A former Republican Party representative has suggested the staggered release of Jeffrey Epstein's files is intentional as the administration are "hoping we forget" about the release.

In November last year, the Senate agreed in a near-unanimous vote to pass the Epstein files bill, with the legislation signed off by Donald Trump, despite his initial opposition to the documents' release. Though the federal law states the majority of documents must be ready to publish by December 19, less than 1% of the files have been shared with the public.

Pam Bondi, the US attorney general, wrote that there are "more than two million documents potentially responsive to the Act" and that the administration are still working through the backlog.

The Department of Justice confirmed last week that only 12,285 documents of 125,575 pages had been officially released, according to The Guardian. Former GOP rep Adam Kinzinger believes this slow trickle of documents is intentional, and that the administration's sudden surge in country takeover plans is a distraction.

In a video uploaded to his YouTube channel, Kinzinger said, "It's easy to forget that the Epstein files still need to be released. They've released thousands of documents but they recently admitted to finding five million more documents."

"Now according to the law, these things should already have been put out. But now it's like they're hoping that we forget about it. Keep in mind that when the Republicans were running the Epstein files, and you see this with the online right, there was this demand that they be released but this was synonymous with the assumption or the accusation that this was all Democrats in the files."

"Now the weird thing is, I've never seen anyone on the left or centre say, 'Yeah, release the Epstein files except for the Democrats.' No, I think they've all said, 'Release them all, release everybody.'"

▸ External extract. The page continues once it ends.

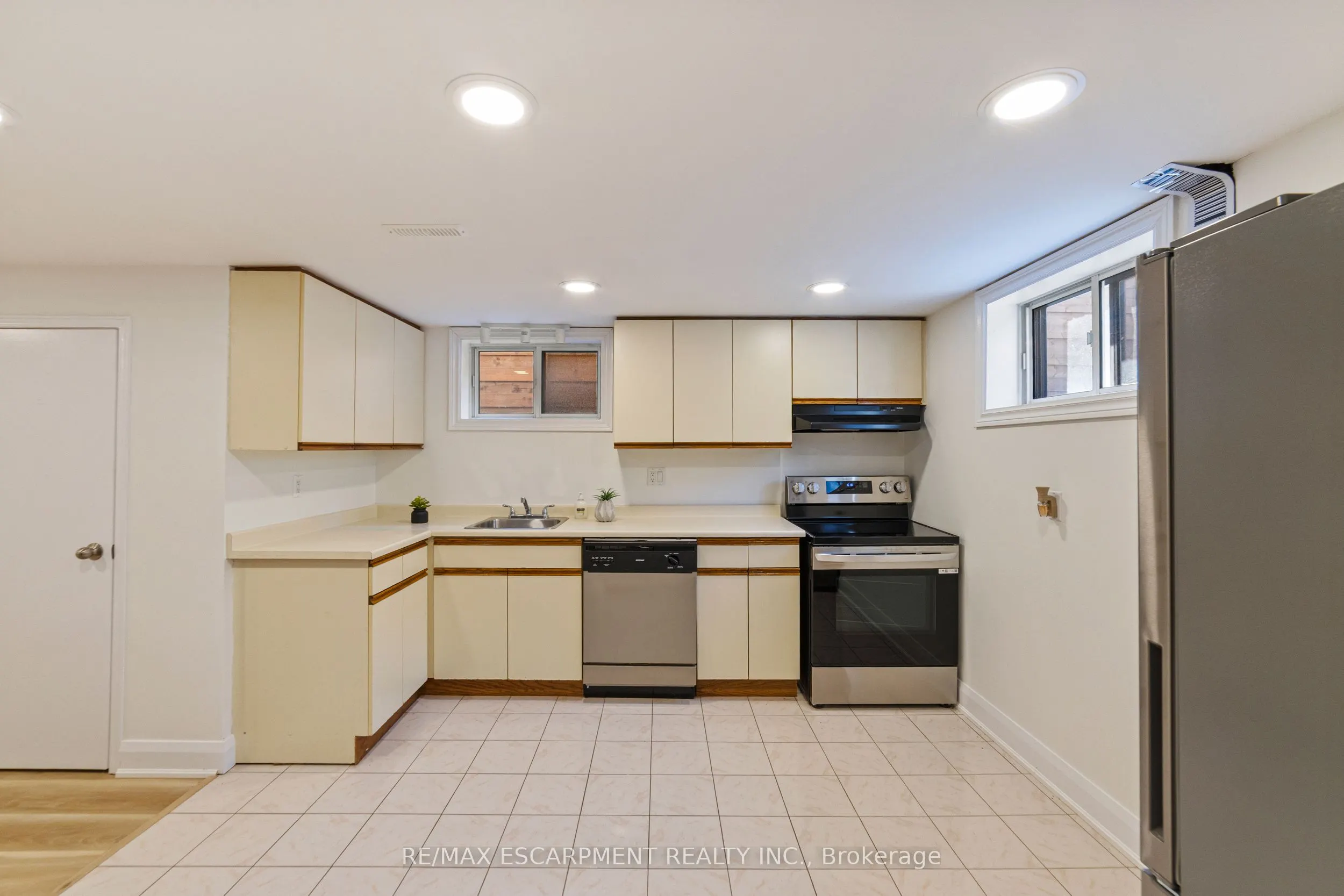 131 Sanatorium Road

Kinzinger went on to claim the Department of Justice could be "stalling to protect Donald Trump" who has featured in the already released Epstein files.

"But if you still think the Department of Justice is playing the independent role it was intended to and not just acting as Donald Trump's lawyers, I'm sorry, you haven't been paying attention,' Kinzinger said. "We need to continue, even with all the chaos going on, to demand and call for the Epstein files to be released because the American people deserve to know the truth."